### Work to be completed
Copy out precisely the lines from the start of the data through the line with "dji Flamewheel F450 Setting up", and keep pictures out of it.

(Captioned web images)
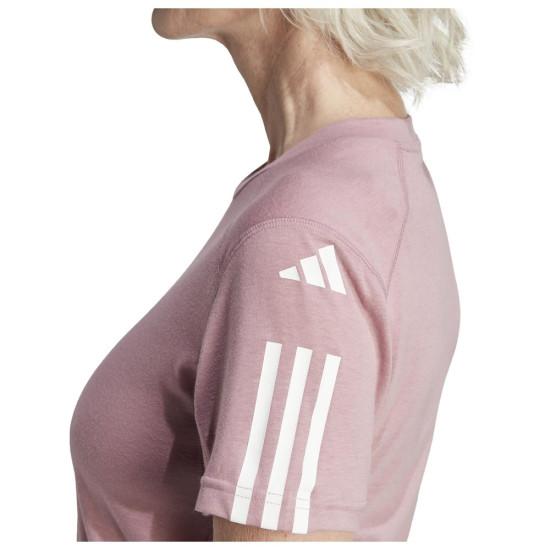 Adidas Γυναικεία κοντομάνικη μπλούζα Train-Essentials 3-Stripes Cropped Tee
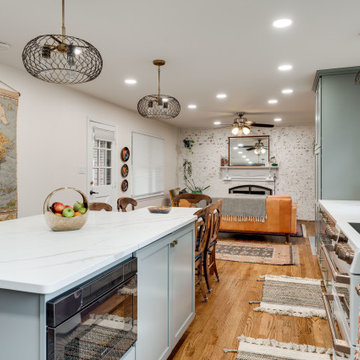 Fairfax Station, VA Transitional Grey Kitchen Remodel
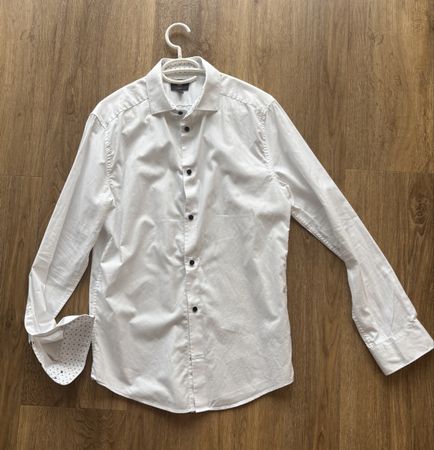 H&M Hemd, Gr. M, Slim Fit, Weiss, Top Zustand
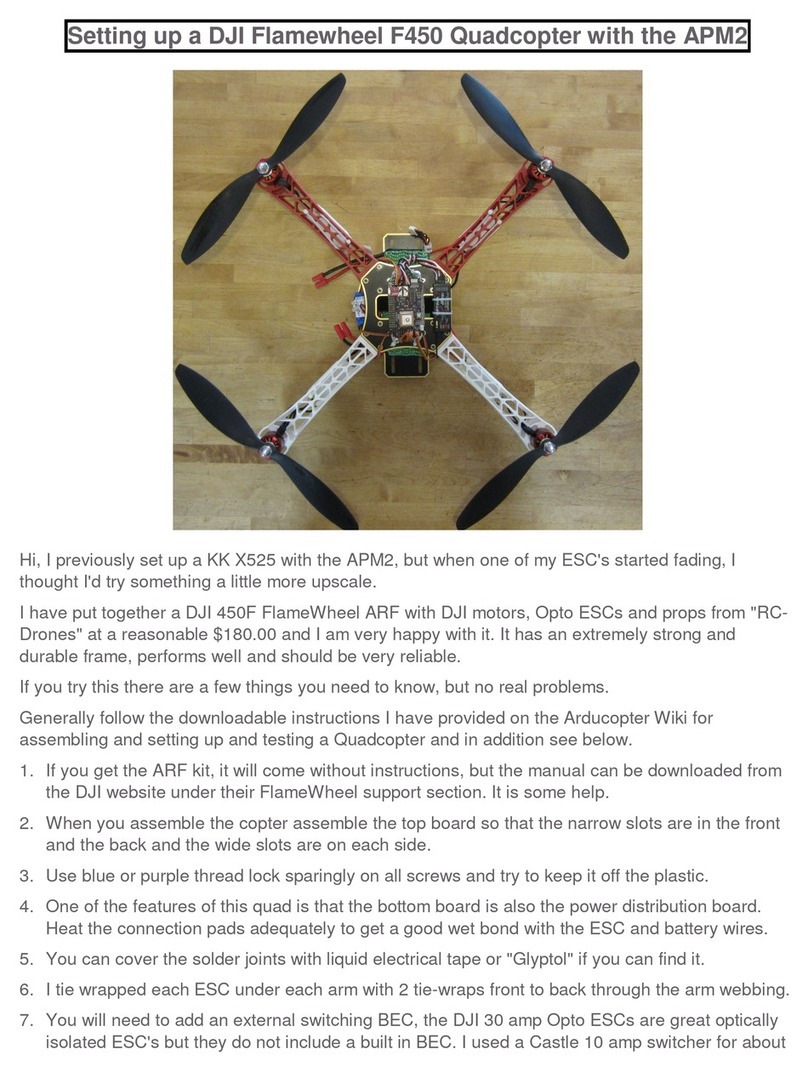 dji Flamewheel F450 Setting up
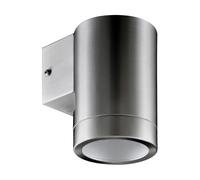 Éclairage D'Extérieur Spot Inox Verre GU10 IP54 Hauteur : 11,8 CM En Chrome Mur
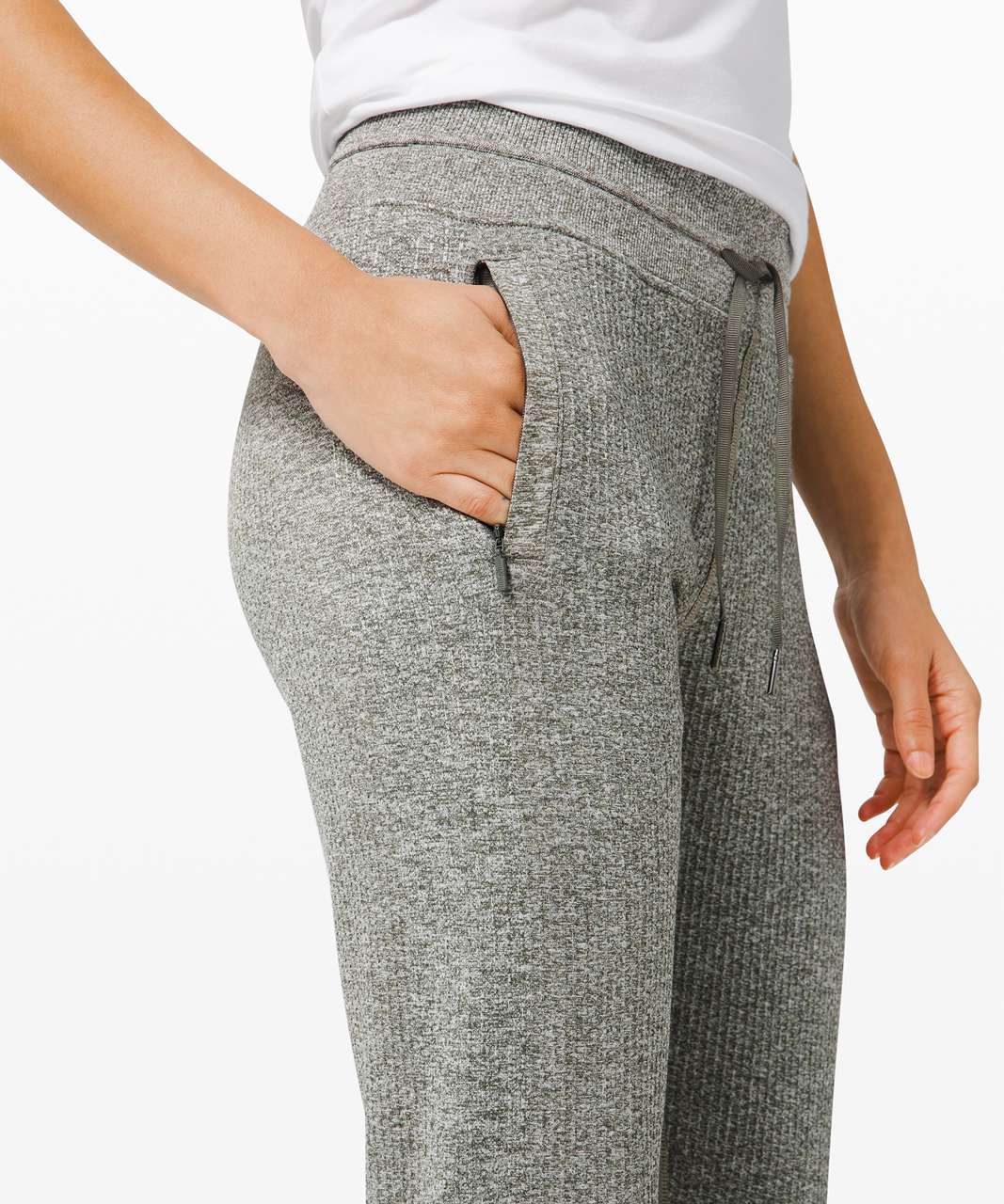 Lululemon Engineered Warmth Jogger - Grey Sage / White - lulu fanatics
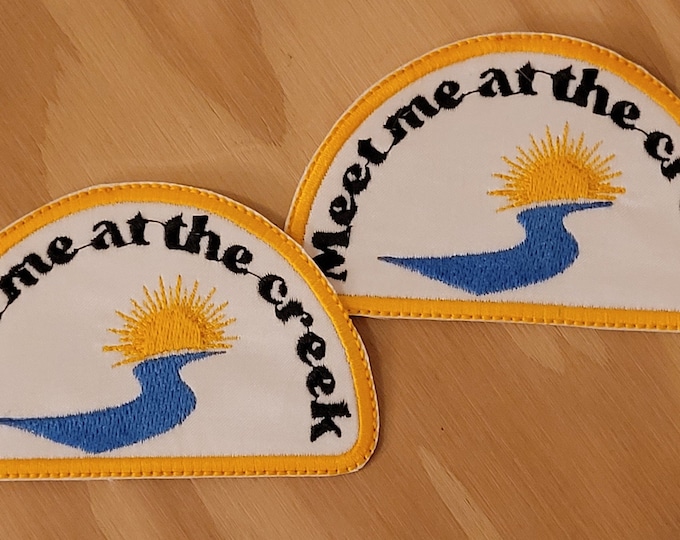 Meet Me At The Creek handmade sew on patch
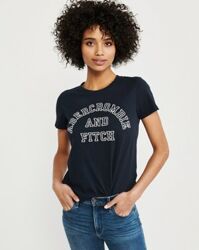Áo thun nữ Abercrombie & Fitch AF-US-NT11 Embroidered Logo Tee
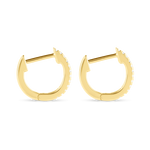 0.50 TCW Round Cut Moissanite Huggies Earrings in Gold 3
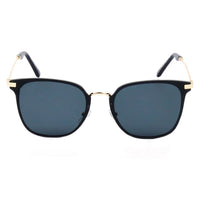 Cramilo Eyewear Sunglasses CAMBRIDGE | Pillowed Rectangle Flat Lens Horned Rim Sunglasses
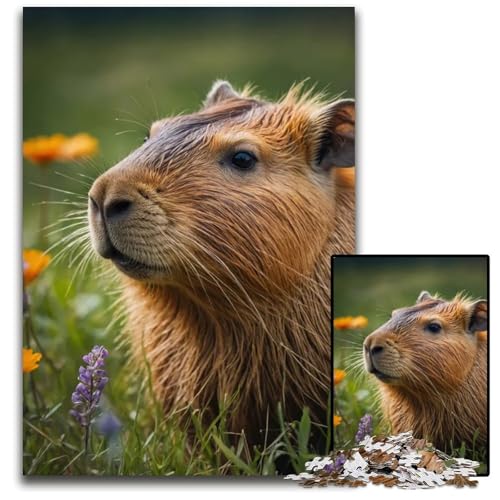 SerenitoJigsaws 1000 Teile für Erwachsene Holzpuzzle für Erwachsene Heimdekoration 1000 Teile (75 x 50 cm) von CXUOSADIP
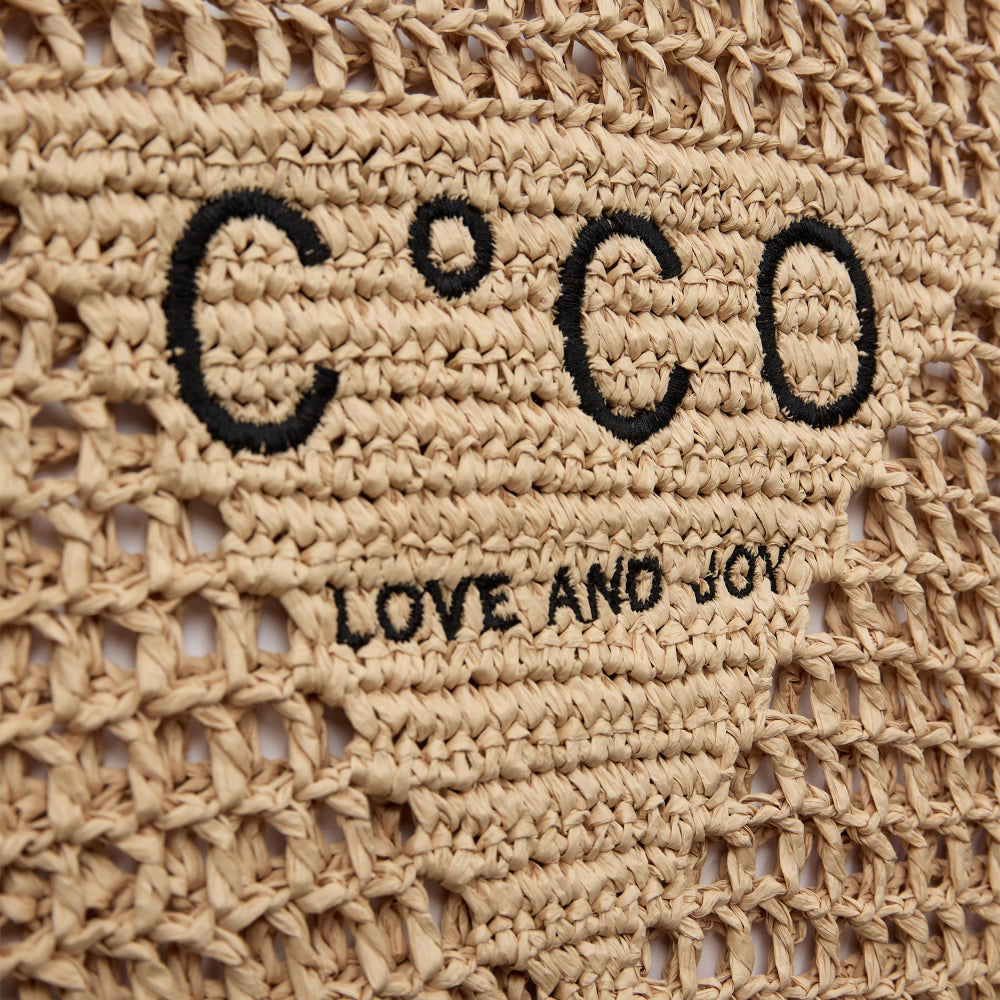 Co'Couture Straw Tote Taske Straw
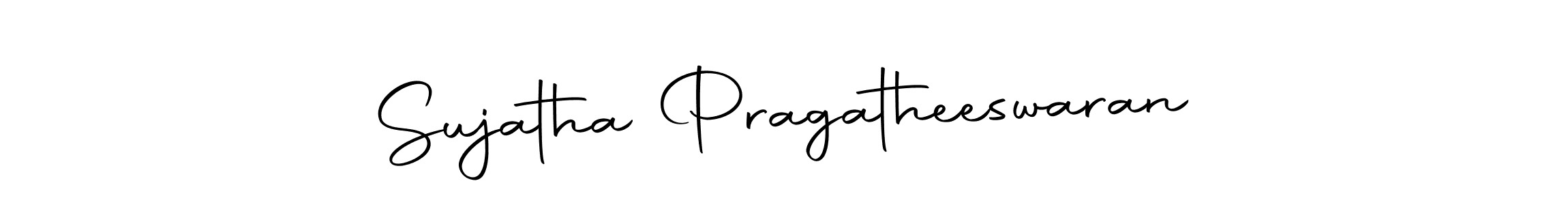 Make a beautiful signature design for name Sujatha Pragatheeswaran. Use this online signature maker to create a handwritten signature for free. Sujatha Pragatheeswaran signature style 10 images and pictures png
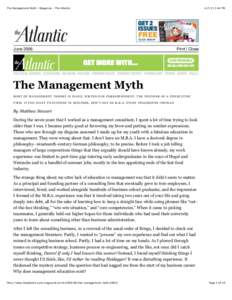 The Management Myth - Magazine - The Atlantic  June[removed]:44 PM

### Exercise output
 Adidas Γυναικεία κοντομάνικη μπλούζα Train-Essentials 3-Stripes Cropped Tee
 Fairfax Station, VA Transitional Grey Kitchen Remodel
 H&M Hemd, Gr. M, Slim Fit, Weiss, Top Zustand
 dji Flamewheel F450 Setting up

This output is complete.